S’il lui arrive encore très souvent, de haut de ses 65 ans, de faire de la moto, la guitare, par contre, c’est du passé. «Mes doigts ont perdu l’habitude et ils me font très mal quand je tente de gratter la guitare», dira-t-il. Depuis qu’il a intégré le mouvement islamique, assure-t-il, il ne trouve plus le temps de faire de la musique. «Faute de temps, j’ai été contraint de renoncer à ma guitare», dira-t-il des années plus tard.
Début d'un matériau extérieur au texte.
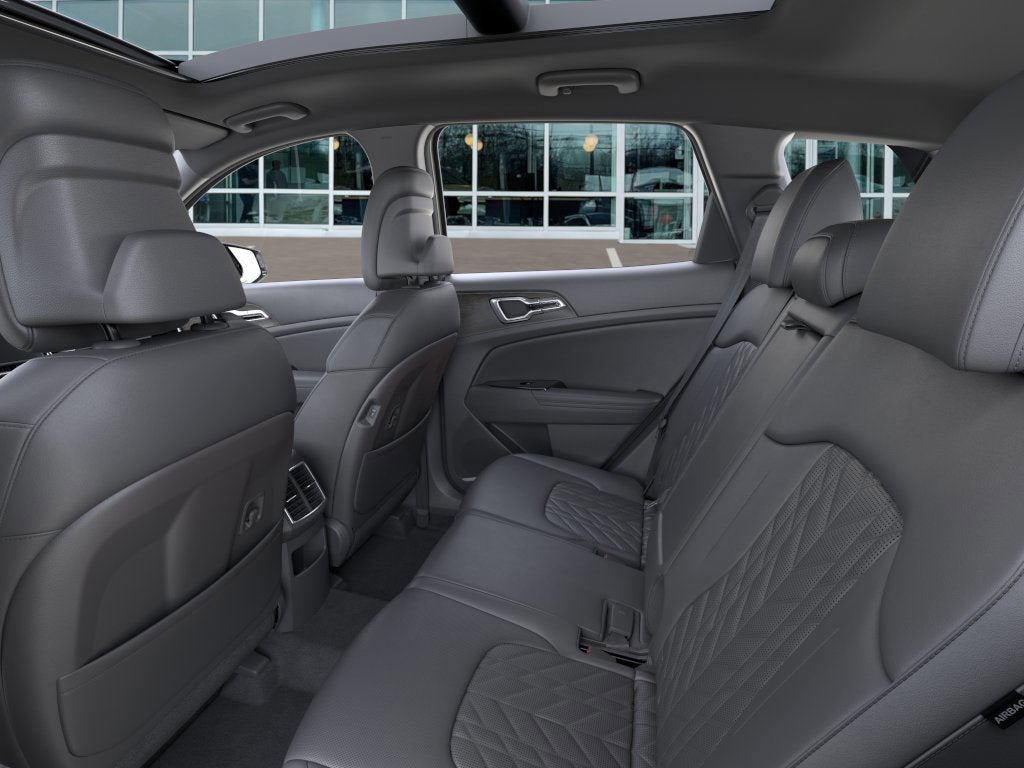 2025 Kia Sportage Plug-In Hybrid X-Line Prestige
Manifestement, il a légué cette passion à l’un de ses deux fils, qui, la trentaine bien entamée, vit encore dans le giron familial contrairement à son frère installé en France et à ses deux sœurs qui résident à Rabat et Temara. Dans sa jeunesse, le nouveau patron du MUR ne se contentait pas de jouer de la musique en privé. Il avait même formé un groupe avec lequel il s’est produit plusieurs fois, notamment au légendaire Cinéma Empire de la capitale spirituelle. Le groupe Achaouahid, en référence à son quartier Achouhada de Fès, faisait allègrement des allers-retours entre les répertoires de Nas El Ghiwane et Jil Jilala. Portraitiste à ses heures perdues, il garde toujours quelques-unes de ses réalisations, faites au crayon, en souvenir de ces temps où il avait encore assez de temps pour ses passions.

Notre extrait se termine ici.